100-Seiten-Bücher – Teil 29
Johann Gottfried Herder: »Journal meiner Reise im Jahr 1769« (1846)

Berlin, 18. Juli 2012, 16:40 | von Josik

Laut Arno Schmidt und einigen anderen steht das Original auf »72 enggeschriebenen Quartseiten«. Gedruckt sind das rund hundert Seiten, die als ›Reisejournal‹ allerdings ziemlich irreführend gelabelt sind: Über die Reise selbst, die Herder von Riga nach Paris und von dort wiederum ins sogenannte Weimar des Nordens, nach Eutin, führte, erfährt man hier fast gar nichts, vielmehr hat man bei der Lektüre über weite Strecken den Eindruck, die Notate eines über­eifrigen jungen bayerischen Kultusministeriumsbeamten vor sich zu haben, der auch im Urlaub noch die bestmöglichen Schullehrpläne auszuarbeiten versucht.

Wie sehr sich der sturmunddrängende Mittzwanziger vor lauter Begeisterung über seine Ideen – hier für die zweite Klasse – über­schlägt, sieht man an den inflationär gebrauchten Ausrufezeichen: »Welch Gymnasium!

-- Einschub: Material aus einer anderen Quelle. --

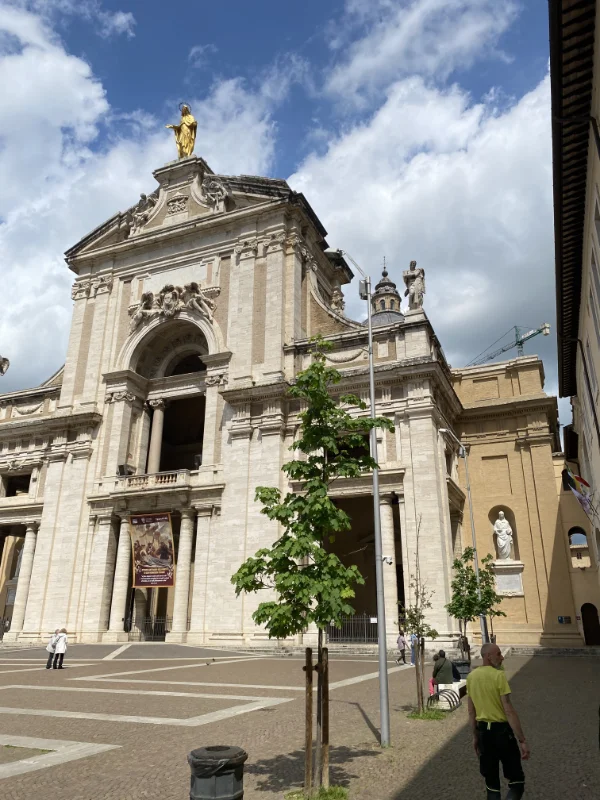 posa-serramenti-per-strutture-pubbliche-milano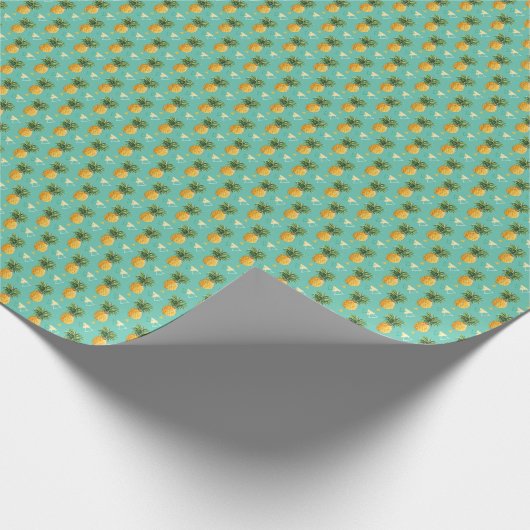 Heldere ananassen op het geometrische patroon cadeaupapier (Hoek)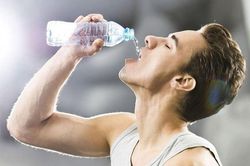 Làm thế nào để nhận biết khi cơ thể bạn đang thiếu nước?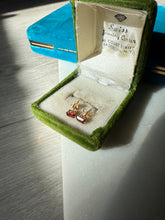 Load image into Gallery viewer, Vintage Garnet 14k Gold Push Back Earrings
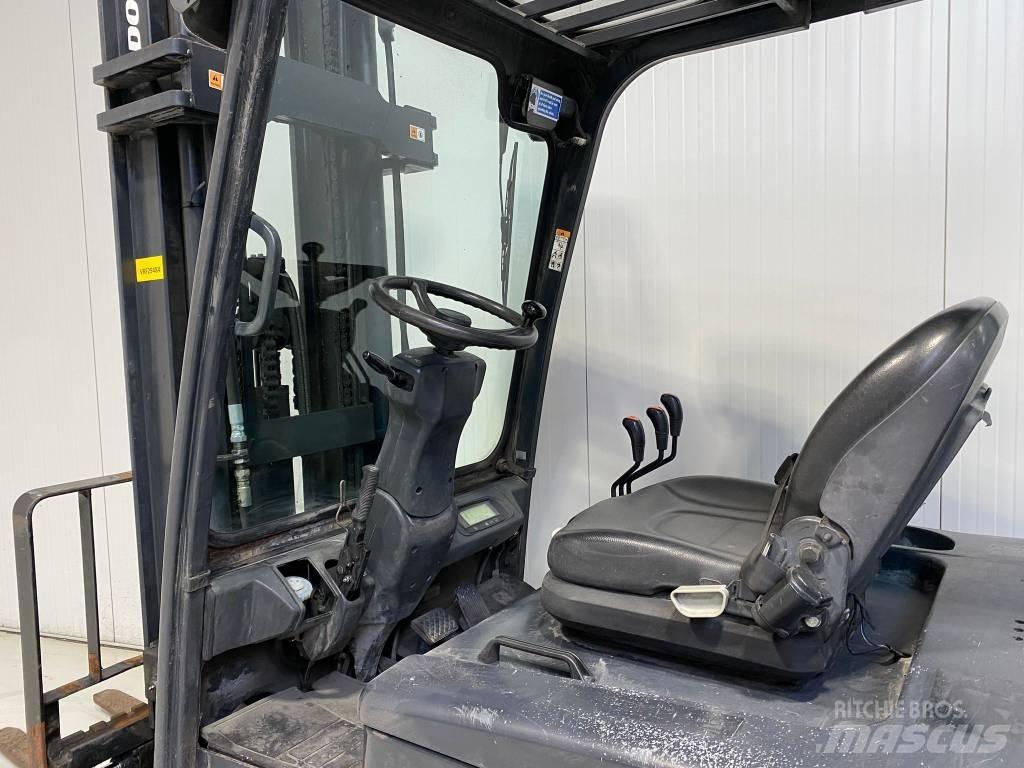 Doosan B35X-5 Empilhadores eléctricos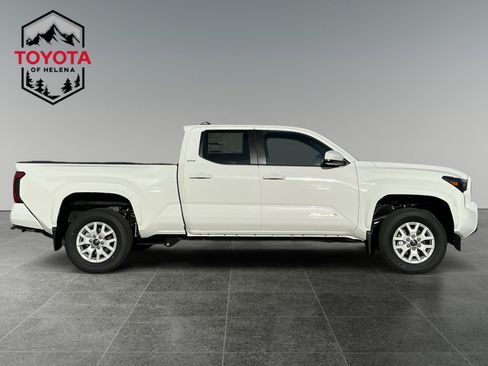 New 2026 Toyota Tacoma SR5 AWD/4WD image 6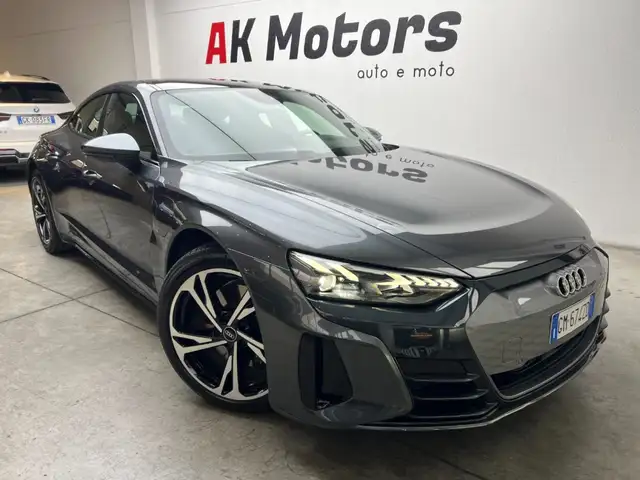 Audi e-tron GT quattro
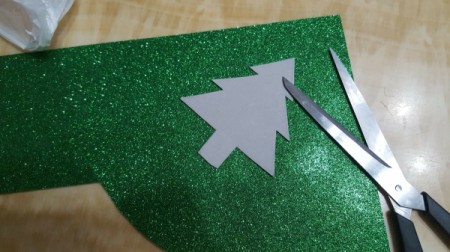 Sparkling Paper Ornaments - tree on green paper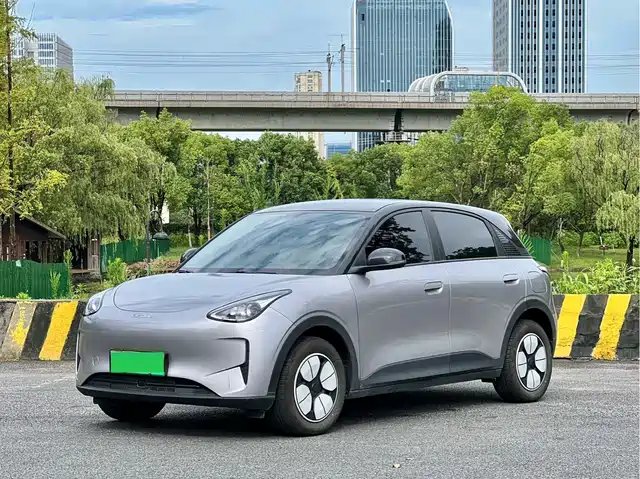 2025 Geely Xingyuan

Welche schöne Morgenröte in einer antiken Welt! Welch ein römischer Jüngling wird das werden! Hier also kommt antike Historiographie, Epistolographie, Rhetorik, Grammatik! Man sieht, wie übel, daß man […] überhaupt Grammatik einer antiken Sprache nicht von der modernen unterscheidet! Hier wird alles unterschieden, lebendig gekostet, nachgeeifert! In dieser Klasse muß sich der lateinische Stil bilden!« (S. 55)

Na ja, und so geht’s halt weiter. Immerhin, ursprünglich war das Journal gar nicht zur Veröffentlichung bestimmt. Was Herder an den Franzosen schließlich überhaupt nicht fassen kann, ist folgendes: »Alles spricht hier Französisch, sogar Piloten und Kinder!« (S. 77) Kurz darauf notiert er noch einmal für sich als Gedächtnisstütze: »Ja, aber daß ich nirgends die Frage vergesse: in Frankreich reden auch die Kinder französisch?« (S. 80; vgl. YouTube)

Länge des Buches: ca. 182.000 Zeichen. – Ausgaben:

Johann Gottfried Herder: Journal meiner Reise im Jahr 1769. Berlin: Aufbau-Taschenbuch-Verlag 1999. S. 3–113. (111 Textseiten)

(Einführung ins 100-Seiten-Projekt hier. Übersicht über alle Bände hier.)

Eine Reaktion zu “100-Seiten-Bücher – Teil 29
Johann Gottfried Herder: »Journal meiner Reise im Jahr 1769« (1846)”

  1. Bonaventura

    Das »Journal« war meine Einstiegsdroge zu Herder, von dessen zentraler Stellung im 18. Jahrhundert und weitreichendem Einfluss auf das 19. Jahrhundert ich damals überhaupt keine Ahnung hatte. Wo er in der Darstellung oben leicht vertrottelt vorkommt, ist er tatsächlich witzig. Außerdem stammt eines meiner Lieblingszitate aus dem »Journal«:

    Ist die Lateinische Sprache Hauptwerk der Schule? Nein! Die wenigsten haben sie nötig: die meisten lernen sie, um sie zu vergessen.

    Ach, ich müsste mehr Zeit für Herder haben! Da ist ein ganzer Kontinent zu entdecken!